Let consider the space $\mathcal{O}:=\{X\in \mathcal{M}_4(\mathbb{R}) \ / \ ^tX DX=D \}$ with $D=diag(1,1,1,-1)$.
Maybe we can apply the submersion's criterion.
We take $f : \mathcal{M}_4(\mathbb{R}) \to \mathcal{S}_4(\mathbb{R})\simeq \mathbb{R}^{10}, \ X\mapsto \ ^tX DX-D$ and we want to prove that $\mathrm{d}f_X$ is a surjective map.
Let $H \in \mathcal{M}_4(\mathbb{R})$ :
$f(X+H) = \ ^t(X+H)D(X+H) - D = f(X) + \ ^tXDH + \ ^tHDX + \text{o}(\Vert H \Vert)$.
So $\mathrm{d}f_X(H)= \ ^tXDH + \ ^tHDX$. Then I do not know how to continue.
Note that the dimension of $\mathcal{O}$ is $6$.
Thanks in advance !
Hint As Daniel Kruse points out in the comments, you do not need $f$ to be a submersion; it's sufficient to show that it is a submersion on $\mathcal O$, i.e., that $$df_X : T_X \mathcal M_4(\Bbb R) \to T_{f(X)} S_4(\Bbb R) \cong S_4(\Bbb R)$$ is surjective for all $X \in \mathcal O$. (Indeed, $df_0$ is the zero map and so is not surjective.)
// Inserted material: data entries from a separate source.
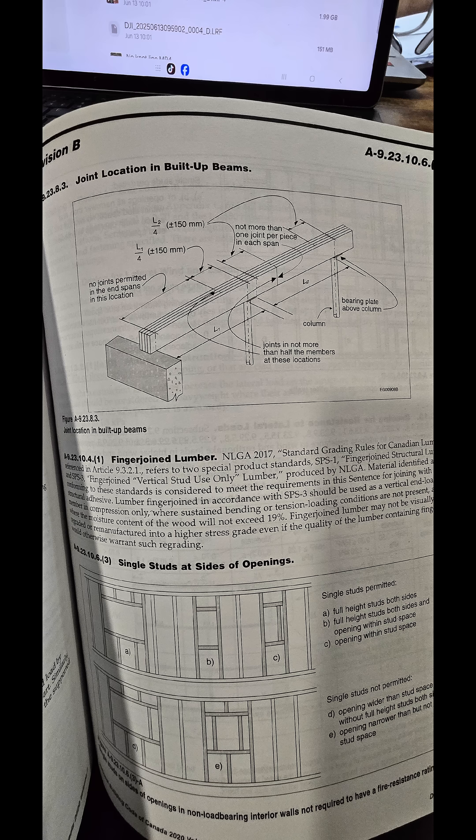If you zoom in, you can see you are not allowed to have more than one joint per span. In the example shown, we have a four-ply beam. You're not allowed to have more than two joints at the quarter point.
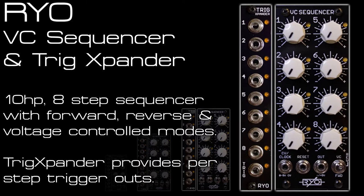Hi and welcome to my dual RYO VC sequencer and trig expander video. This is just an extension to my full overview video which you can see in the video description. I'll be demonstrating some of the features using two modules with a dual setup to create some new patches.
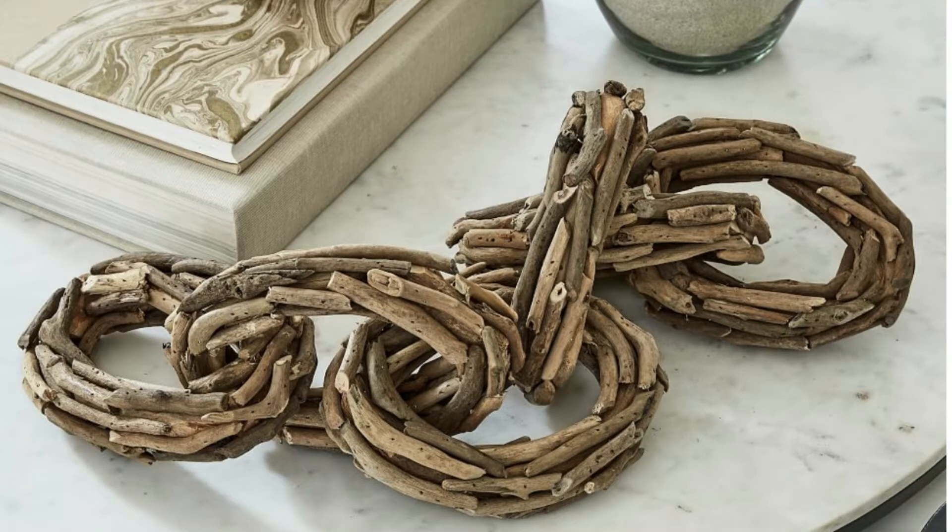Welcome to Medicated Housewife DIYs. In today's video we're going to be making this Pottery Barn dupe wood chain link out of foam hair rollers. It's a high-end home decor look using items found on the ground in your backyard.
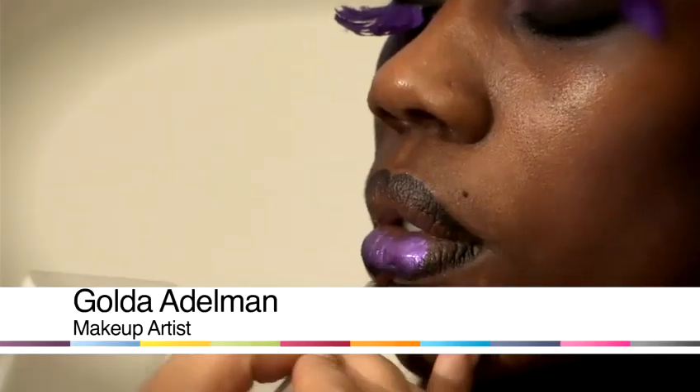Hi, my name is Golda. I'm a makeup artist and I'm passionate and I love what I do. I'm going to show you some tips and tricks of the trade and some great looks. I'm going to show you how to do makeup now on mature skin.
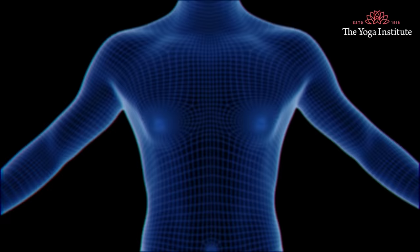Namaskar. When we hear the word cholesterol, we immediately link that word with something negative. No, cholesterol is a necessary component which is produced in our liver.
So, we need to show that for any $X \in \mathcal O$ that any symmetric matrix $S$ can be written in the form $$S = {}^t\! XDH + {}^t\! HDX$$ for some $H$. This equation is complicated by the fact that $D$ is not the identity matrix (which is the case for the orthogonal group of the standard inner product). On the other hand, ${}^t D = D$ and $D^2 = I$, which suggests that we can simplify our condition by writing the unknown $H$ as $DA$ (i.e., setting $A = D^{-1} H = DH$).
Then, the surjectivity condition is that we can find an $A$ such that $$S = {}^t\! XD(DA) + {}^t (DA)DX,$$ and this expression simplifies.
Incidentally, $\mathcal{O}$ is a group under matrix multiplication; in fact it is the Lorentz group $O(1, 3)$ of linear transformations that fix a light cone in Minkowski space.